**WHAT YOU ARE ASKED TO DO**
Set down all of the data exactly as it appears.
*** Opening of LISTED RECORDS ***
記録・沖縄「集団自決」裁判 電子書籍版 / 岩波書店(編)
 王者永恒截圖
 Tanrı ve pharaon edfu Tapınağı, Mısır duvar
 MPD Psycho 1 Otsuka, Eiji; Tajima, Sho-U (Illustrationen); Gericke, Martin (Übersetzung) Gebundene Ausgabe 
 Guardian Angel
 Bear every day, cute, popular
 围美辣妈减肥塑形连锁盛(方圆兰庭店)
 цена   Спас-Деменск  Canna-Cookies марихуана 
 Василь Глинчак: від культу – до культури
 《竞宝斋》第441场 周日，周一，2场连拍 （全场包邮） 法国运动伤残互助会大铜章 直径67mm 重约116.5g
*** Close of LISTED RECORDS ***
**EXPECTED ANSWER**
記録・沖縄「集団自決」裁判 電子書籍版 / 岩波書店(編)
 王者永恒截圖
 Tanrı ve pharaon edfu Tapınağı, Mısır duvar
 MPD Psycho 1 Otsuka, Eiji; Tajima, Sho-U (Illustrationen); Gericke, Martin (Übersetzung) Gebundene Ausgabe 
 Guardian Angel
 Bear every day, cute, popular
 围美辣妈减肥塑形连锁盛(方圆兰庭店)
 цена   Спас-Деменск  Canna-Cookies марихуана 
 Василь Глинчак: від культу – до культури
 《竞宝斋》第441场 周日，周一，2场连拍 （全场包邮） 法国运动伤残互助会大铜章 直径67mm 重约116.5g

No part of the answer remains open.